人とのおつきあいには、こういう空気感がほしい。なんでもかんでも群れたがることに疲れたあなたへ。
★★★★☆
うすい和紙、あるいはレンジフードにかぶせる白い網上のシート様のものがいつも体のまわりにあって、普段はひととは密着せず、無用に傷つかないような仕様になっている。必要な時には自由に取り外しできる。そんな人間界があったらいいな、そんな世界をみせてくれる。冷たくもなく、熱くなく、かといってぬるいわけではない。体温にあわせて適温。修羅場でも不快でなく心地よい。少しミントの香りがするような不思議な空気が作品全体を包んでいます。
文字の絵本
★★★★★
川上さんの作品は好きで良く読んでいます
この本は、川上さん独特のセンス「文字の絵本」そのものです
「ひらがな」が多い分、やわらかい感じに受けるストーリーも、結構トゲがあったり、大人しか理解できないエロがあったり
気負わず「たらりん」とした気分で読める小説
読み終えた後も「たらりん」とした妙な心地よさが心に残る
大人にしかわからない、川上ワールドの「文字絵本」オススメです
ようこそ、ひらがなワールドへ
★★★★☆
雑誌「クウネル」に連載していた短編をまとめた一冊。一作目『海石』の書き出し「あたしたちは、穴に住む。」で一気に川上ワールドへ。
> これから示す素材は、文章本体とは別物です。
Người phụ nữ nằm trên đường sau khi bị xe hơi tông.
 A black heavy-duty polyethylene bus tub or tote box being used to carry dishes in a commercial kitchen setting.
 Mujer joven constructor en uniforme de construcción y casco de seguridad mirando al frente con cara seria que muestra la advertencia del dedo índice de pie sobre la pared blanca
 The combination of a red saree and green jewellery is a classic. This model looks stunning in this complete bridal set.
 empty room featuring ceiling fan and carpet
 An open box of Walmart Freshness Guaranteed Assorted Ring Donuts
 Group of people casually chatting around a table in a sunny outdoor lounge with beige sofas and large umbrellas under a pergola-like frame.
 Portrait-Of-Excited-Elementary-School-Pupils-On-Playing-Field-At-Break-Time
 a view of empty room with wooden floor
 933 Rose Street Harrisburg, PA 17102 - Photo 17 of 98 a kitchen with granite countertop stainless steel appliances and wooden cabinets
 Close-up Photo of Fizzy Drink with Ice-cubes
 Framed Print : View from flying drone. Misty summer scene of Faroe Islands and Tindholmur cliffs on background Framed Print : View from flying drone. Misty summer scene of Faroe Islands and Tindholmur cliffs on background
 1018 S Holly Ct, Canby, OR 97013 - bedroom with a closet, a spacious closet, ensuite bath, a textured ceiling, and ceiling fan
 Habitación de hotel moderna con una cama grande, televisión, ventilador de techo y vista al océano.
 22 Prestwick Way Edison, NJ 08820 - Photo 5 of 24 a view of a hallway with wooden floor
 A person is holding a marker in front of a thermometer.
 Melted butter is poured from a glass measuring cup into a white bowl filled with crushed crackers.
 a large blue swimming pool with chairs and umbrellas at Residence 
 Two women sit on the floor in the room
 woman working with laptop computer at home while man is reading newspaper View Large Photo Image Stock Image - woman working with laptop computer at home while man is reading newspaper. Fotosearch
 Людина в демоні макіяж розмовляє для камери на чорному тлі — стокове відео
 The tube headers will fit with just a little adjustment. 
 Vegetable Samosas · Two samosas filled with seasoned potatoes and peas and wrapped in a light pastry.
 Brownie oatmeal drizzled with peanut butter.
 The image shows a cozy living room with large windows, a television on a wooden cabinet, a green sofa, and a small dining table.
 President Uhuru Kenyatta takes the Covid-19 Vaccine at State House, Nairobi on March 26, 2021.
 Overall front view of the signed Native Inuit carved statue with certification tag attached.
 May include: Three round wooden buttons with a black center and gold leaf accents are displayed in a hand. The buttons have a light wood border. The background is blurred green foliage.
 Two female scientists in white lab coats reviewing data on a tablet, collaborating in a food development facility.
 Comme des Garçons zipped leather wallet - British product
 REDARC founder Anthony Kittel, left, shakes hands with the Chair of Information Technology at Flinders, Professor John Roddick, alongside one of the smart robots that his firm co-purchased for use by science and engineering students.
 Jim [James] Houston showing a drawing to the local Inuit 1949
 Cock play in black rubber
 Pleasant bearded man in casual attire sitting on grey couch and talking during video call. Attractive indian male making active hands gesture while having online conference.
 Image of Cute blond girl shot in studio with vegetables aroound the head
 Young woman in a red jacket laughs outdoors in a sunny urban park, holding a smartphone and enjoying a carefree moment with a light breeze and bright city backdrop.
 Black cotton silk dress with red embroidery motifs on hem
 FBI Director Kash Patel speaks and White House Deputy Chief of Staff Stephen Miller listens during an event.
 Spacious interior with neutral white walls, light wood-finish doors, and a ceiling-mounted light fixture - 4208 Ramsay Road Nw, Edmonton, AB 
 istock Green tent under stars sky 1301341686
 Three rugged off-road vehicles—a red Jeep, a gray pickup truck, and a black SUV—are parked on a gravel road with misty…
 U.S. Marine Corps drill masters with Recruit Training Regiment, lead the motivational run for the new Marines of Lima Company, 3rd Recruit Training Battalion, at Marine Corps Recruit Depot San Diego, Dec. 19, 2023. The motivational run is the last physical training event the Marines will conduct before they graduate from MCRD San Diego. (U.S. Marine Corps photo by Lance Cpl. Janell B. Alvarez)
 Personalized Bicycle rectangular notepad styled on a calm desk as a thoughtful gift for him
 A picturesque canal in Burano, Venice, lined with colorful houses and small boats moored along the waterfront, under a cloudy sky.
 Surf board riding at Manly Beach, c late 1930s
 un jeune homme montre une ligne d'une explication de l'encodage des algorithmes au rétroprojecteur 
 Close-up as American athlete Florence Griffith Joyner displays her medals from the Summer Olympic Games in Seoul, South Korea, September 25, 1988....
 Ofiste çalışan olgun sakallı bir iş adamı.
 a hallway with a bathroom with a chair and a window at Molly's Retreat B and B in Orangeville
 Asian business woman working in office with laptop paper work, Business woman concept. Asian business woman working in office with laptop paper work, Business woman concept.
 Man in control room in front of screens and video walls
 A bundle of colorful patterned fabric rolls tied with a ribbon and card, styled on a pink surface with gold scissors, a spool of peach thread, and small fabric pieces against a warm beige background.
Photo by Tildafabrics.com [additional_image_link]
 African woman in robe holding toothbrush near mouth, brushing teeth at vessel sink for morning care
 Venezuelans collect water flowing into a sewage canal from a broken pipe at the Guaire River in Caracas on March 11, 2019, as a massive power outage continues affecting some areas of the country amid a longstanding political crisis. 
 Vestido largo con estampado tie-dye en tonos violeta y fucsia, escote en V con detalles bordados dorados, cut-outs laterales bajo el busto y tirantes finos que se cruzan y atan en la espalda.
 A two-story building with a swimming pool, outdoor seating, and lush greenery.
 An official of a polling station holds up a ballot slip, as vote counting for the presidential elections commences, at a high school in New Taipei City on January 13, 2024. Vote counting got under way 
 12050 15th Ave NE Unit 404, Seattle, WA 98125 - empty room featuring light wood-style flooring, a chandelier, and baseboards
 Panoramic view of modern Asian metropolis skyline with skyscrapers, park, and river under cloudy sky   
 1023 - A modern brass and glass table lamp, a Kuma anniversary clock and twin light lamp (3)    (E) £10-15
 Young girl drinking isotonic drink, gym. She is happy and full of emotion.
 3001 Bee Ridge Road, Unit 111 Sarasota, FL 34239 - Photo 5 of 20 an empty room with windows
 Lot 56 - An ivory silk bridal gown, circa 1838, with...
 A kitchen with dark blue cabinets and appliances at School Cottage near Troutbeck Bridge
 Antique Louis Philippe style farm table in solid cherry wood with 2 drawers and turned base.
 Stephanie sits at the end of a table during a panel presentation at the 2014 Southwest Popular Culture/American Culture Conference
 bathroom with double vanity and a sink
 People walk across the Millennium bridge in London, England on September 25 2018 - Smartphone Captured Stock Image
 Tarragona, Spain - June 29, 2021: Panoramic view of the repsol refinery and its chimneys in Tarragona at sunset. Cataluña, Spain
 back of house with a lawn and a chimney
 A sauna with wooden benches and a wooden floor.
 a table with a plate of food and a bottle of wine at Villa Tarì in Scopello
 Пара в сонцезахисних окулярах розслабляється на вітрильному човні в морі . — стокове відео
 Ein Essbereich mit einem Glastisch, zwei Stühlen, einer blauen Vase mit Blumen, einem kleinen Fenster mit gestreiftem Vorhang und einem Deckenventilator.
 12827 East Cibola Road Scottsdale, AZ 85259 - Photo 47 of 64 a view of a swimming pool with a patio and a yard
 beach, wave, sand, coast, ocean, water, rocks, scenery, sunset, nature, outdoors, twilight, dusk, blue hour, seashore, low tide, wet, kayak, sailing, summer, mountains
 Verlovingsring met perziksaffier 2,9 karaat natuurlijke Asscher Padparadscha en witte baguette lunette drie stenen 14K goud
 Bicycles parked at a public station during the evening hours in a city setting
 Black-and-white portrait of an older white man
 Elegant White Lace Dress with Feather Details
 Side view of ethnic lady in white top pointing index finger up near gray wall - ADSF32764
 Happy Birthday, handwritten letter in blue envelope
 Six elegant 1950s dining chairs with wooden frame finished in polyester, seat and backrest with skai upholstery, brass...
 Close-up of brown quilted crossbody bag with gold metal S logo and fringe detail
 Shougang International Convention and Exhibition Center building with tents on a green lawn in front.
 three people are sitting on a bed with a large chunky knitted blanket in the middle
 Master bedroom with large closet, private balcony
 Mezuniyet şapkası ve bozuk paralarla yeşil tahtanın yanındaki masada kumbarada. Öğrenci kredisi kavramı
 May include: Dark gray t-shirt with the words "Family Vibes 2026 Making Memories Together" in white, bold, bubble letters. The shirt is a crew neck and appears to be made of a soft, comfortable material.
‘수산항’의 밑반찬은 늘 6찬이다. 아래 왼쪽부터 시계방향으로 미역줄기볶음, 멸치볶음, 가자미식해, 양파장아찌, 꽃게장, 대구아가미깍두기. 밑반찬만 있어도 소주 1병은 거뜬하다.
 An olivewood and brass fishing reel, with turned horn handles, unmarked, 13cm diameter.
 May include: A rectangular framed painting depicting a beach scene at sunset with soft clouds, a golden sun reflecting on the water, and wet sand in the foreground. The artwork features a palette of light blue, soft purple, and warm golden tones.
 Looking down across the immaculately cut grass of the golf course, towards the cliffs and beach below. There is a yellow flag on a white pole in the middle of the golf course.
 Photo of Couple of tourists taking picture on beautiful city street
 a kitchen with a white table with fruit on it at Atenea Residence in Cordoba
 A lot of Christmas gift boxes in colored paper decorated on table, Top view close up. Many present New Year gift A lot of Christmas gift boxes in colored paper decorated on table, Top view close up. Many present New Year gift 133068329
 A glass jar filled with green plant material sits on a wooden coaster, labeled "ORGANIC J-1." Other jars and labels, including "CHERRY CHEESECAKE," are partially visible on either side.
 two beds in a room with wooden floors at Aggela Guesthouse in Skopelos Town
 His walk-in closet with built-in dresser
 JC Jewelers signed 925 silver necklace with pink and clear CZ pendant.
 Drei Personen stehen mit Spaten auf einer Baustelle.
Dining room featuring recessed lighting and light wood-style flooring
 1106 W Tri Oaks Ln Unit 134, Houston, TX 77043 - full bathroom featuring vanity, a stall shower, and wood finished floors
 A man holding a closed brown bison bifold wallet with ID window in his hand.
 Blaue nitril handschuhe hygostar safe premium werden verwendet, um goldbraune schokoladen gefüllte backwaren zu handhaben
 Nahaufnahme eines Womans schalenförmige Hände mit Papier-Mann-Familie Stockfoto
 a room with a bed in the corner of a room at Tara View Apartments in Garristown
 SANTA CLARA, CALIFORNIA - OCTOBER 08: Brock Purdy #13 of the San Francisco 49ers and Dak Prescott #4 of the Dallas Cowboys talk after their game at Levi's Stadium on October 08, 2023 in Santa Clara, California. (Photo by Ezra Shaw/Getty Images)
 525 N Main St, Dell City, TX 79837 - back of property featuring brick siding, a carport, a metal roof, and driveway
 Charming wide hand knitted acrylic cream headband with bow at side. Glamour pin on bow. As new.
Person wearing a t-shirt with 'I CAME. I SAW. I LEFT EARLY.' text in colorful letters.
「ちかぢか」とか、「小わきにかかえた」とか、あえてひらがなを多用することで独特のタッチが生まれ、そこに登場する人魚のような生物やコロボックルや、どこにでもいそうな普通の人の心の動きが丁寧に描かれている。ジェットコースターのようなエンターテイメント小説も楽しいけれど、会社や学校でなんだか疲れた日の夜に一編ずつ読んでいくとなんだか心地よく眠ることができそうです。